Please click to enlarge my Valentine's Day shame extravaganza.

   As anyone who's ever been drunk with me while a Prince song is playing will tell you, the highlight of my amazing dancing is always the excessive amount of pointy-finger that I get going.

   Don't be jealous, this is just how I get down.


 

Tuesday, February 14, 2012

Happy Valentine's Day

   Dig if you will the picture of you and I engaged in a kiss...


   Somehow, it is much hotter when I imagine Prince doing it while "When Does Cry" plays in the background.  I bet Prince would be having an amazing Valentine's Day if he wasn't a Jehovah's Witness, or some shit.  Goddamn I do love him though... like, I'm the 'listens to his new albums' kind of in love with Prince.

   Oh, screw it.  Happy Valentine's Day, Prince, wherever you are.

         
   

Thursday, January 12, 2012

Gnarled Barky


   Before Christmas I was commissioned to paint a twisted, old oak tree for some reason. I tried to explain to the prospective clients that this is not really the type of work that I do, but no one ever listens to me and so they decided to go ahead with it anyway.  Also, I suspect that I was the only artist that they knew so I would have to do.

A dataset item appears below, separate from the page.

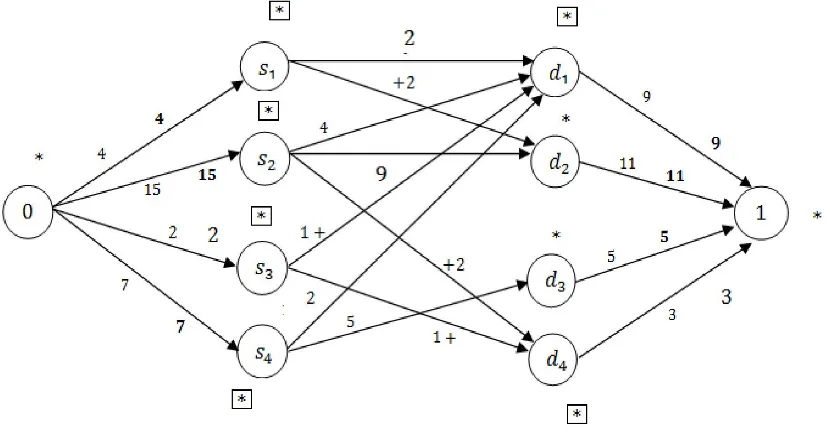 Fig. 3. Flow 28 (Optimal Solution)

   I have no idea why they wanted a what is usually a vertical object formatted horizontally or why they wanted it split onto two canvases, but I just do what I'm told like a good little money-grubbing robot.

   Logically, of course, if I actually was a robot I wouldn't draw naked girls.  I would draw naked robots!


   ...hmmn, anyway,  I think the tree painting came out fairly well and the clients loved it.  Done and done!

   I never would have bothered to post this piece since it doesn't really fit in with the other things regularly I do, except that one of the dummies that I work at my day job won't stop sighing and whining about wanting to see this painting because it's a landscape and he fucking loves landscapes.  So, this post is especially for you Cheap Chris!  Now please stop your whimpering.  It's annoying.


UPDATE:  I'm not sure how this blog became about Cheap fucking Chris all of a sudden, but apparently it has.  After speaking with him at work today, I learned that he thinks the orange parts in the picture at the top of this post are my rendition of... water (thereby once again confirming my suspicions that he is a complete moron).

   I have no idea why he would think this, but just in case I have any other readers that might get lost in a hall closet, I have some helpful guidance; the first picture is the painting in progress, the second picture is not the painting at all, the third picture is the completed painting and the fourth picture is a close-up detail from the finished painting.